How is Bitcoin a boon to renewables? Bitcoin consumes energy, and that energy is not being used for other things. Taxing one form of energy will just mean everything that uses energy becomes more expensive; Bitcoin fees would rise or mining operations would simply move to places without the tax.
The actual problem is that Bitcoin's incentive structure works against energy efficiency. Usually we would expect to see improvements in technology result in reductions in energy consumption. Instead, when a new hashing machine is built that computes the same number of hashes for less energy, the response from Bitcoin miners is to compute more hashes using the same amount of energy. That is what Bitcoin incentivizes, and that is why Bitcoin will always be an environmental catastrophe even if we only had renewable power sources (take a look at the environmental cost of producing a solar panel -- there is more to the environment than carbon emissions).
> How is Bitcoin a boon to renewables? Bitcoin consumes energy, and that energy is not being used for other things.
The utopian view is that not all energy is currently being used for other things. On grids with heavy penetration of renewables, peak production can overwhelm demand, causing bulk power to become effectively free.
In a suitably regulated environment, bitcoin or an equivalent could act as a last-resort user of such power. Doing so would provide a baseline demand for excess generation, effectively subsidizing renewable buildout.
This effect becomes stronger with carbon taxes, which would make non-renewable power comparatively much more expensive and effectively reduce bitcoining-demand from such sources relative to renewables.
However, the non-utopian view is that this possible arbitrage is global, not local. Through bad regulation, corrupt governments, or outright theft, miners somewhere on the planet can access power even more cheaply than from the excess renewables contemplated above.
...or we could work on better energy storage and distribution technologies and move away from "base load" approaches to power generation. I am also not seeing how Bitcoin, which consumes power regardless of whether or not there is any excess, helps in any way. Why do you think Bitcoin miners would shut their operations down during periods of high demand in any regulatory environment, other than one which specifically punishes Bitcoin miners (in which case, why should anyone think Bitcoin would continue to exist)? Bitcoin would just push up the floor on how much electricity must be supplied at any given time.

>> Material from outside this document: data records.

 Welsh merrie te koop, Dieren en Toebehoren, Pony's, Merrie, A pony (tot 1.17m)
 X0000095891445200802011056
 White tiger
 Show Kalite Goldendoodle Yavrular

> or we could work on better energy storage and distribution technologies
That's a "both and" issue. An energy generator could hypothetically mine cryptocurrencies to buffer their excess-power periods right now with little capital investment, whereas developing new storage technology is an expensive and long-term problem.
> Why do you think Bitcoin miners would shut their operations down during periods of high demand in any regulatory environment
A non-criminal bitcoin miner (the argument applies to any other proof-of-work coin in the same way) will reduce their mining effort if the marginal cost of mining (the power bill) is larger than the reward from doing so (mining rewards plus transaction fees).
The problem then is one of value, but cryptocurrency valuations aren't fixed. If the price of bitcoin durably collapses for some reason, miners will turn off their rigs and the energy cost per coin will fall. (Note that I'm not a "bitcoin bull," but I also know better than to predict future prices with false confidence.)
It isn't, but it could be. If we had proper taxes on carbon emissions; The cheapest power would always be from renewables, bitcoin miners would invest in renewable energy which would make it cheaper in the long run as mass production scales with demand.
Energy efficiency is not important in carbon neutral energy production, and in fact can stifle development and raise prices making fossil fuels more attractive.
The actual problem is that Bitcoin's incentive structure works against energy efficiency. Usually we would expect to see improvements in technology result in reductions in energy consumption. Instead, when a new hashing machine is built that computes the same number of hashes for less energy, the response from Bitcoin miners is to compute more hashes using the same amount of energy. That is what Bitcoin incentivizes, and that is why Bitcoin will always be an environmental catastrophe even if we only had renewable power sources (take a look at the environmental cost of producing a solar panel -- there is more to the environment than carbon emissions).